He also referred to the directive that was issued through the finance ministry to ensure the food service industry participating in government tenders procure their food requirements from locally produced grain, vegetables, meat and others.

“My ministry and partners are committed to support the implementation of this process to ensure that meat originating from the northern regions has access to the local domestic market. We will leave no stone unturned to make sure this directive is fully implemented.” Namibia National Farmers Union (NNFU) president Jason Emvula said the absence of a functional lucrative market for the NCA has left the majority of communal farmers in poverty. The status quo is extremely worrisome. He said a four-month comprehensive investigation was conducted into the status quo of the marketing systems in the communal areas north of the veterinary cordon fence. The investigation analysed the value chain of livestock and livestock products. “There is a need to organise a Namibian team to leave the country to engage with fellow Africans and search for marketing opportunities for livestock and livestock products from the NCA,” said Emvula.

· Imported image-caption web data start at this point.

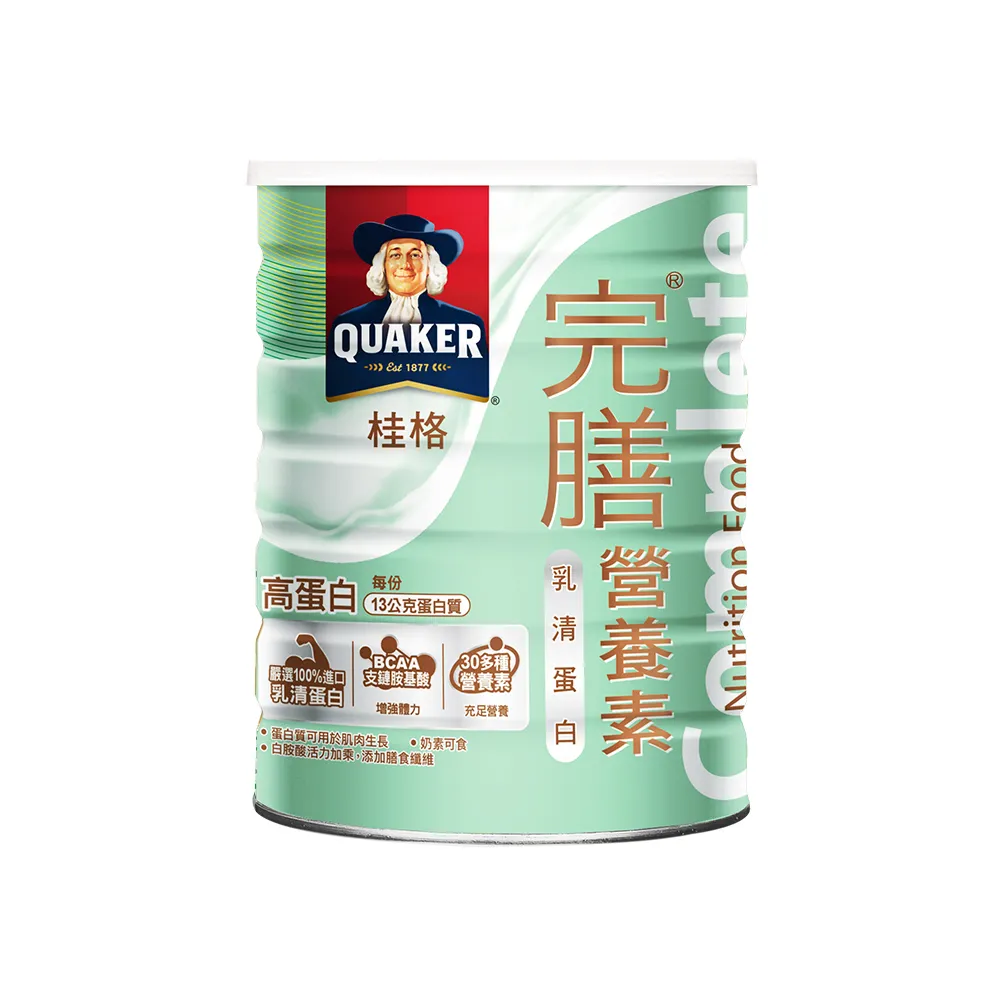 【桂格完膳】乳清蛋白配方750G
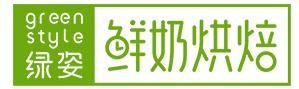 绿姿鲜奶烘焙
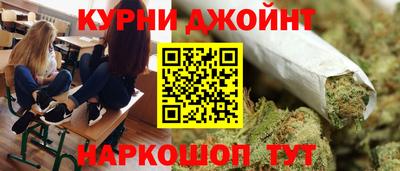 экстази Гай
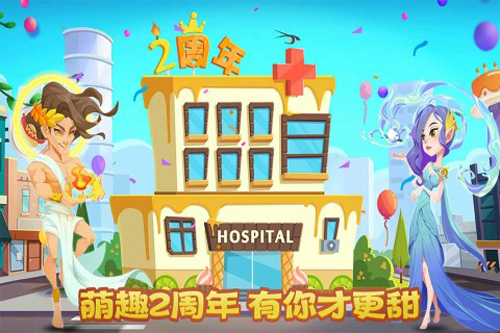 萌趣医院oppo版客户端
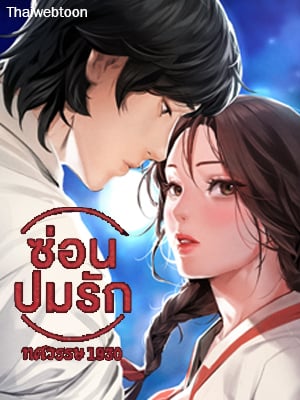 หน้า 165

He stressed that to transform the NCA there is need to invest in infrastructure, so that they are able to own and operate the entire value chain from fodder production through processing. He further called on the extension of the FMD free zone northward into what is now called the buffer zone, so that marketing opportunities for NCA livestock and livestock products can be broadened and the costs associated with commodity-based trading can be taken away.

“FMD outbreak management must be in such a way that there is minimal disruption to the marketing of livestock and livestock products and related commercial activities.

It is not acceptable that livestock movement is restricted to extended periods during outbreaks and marketing is closed for six months.”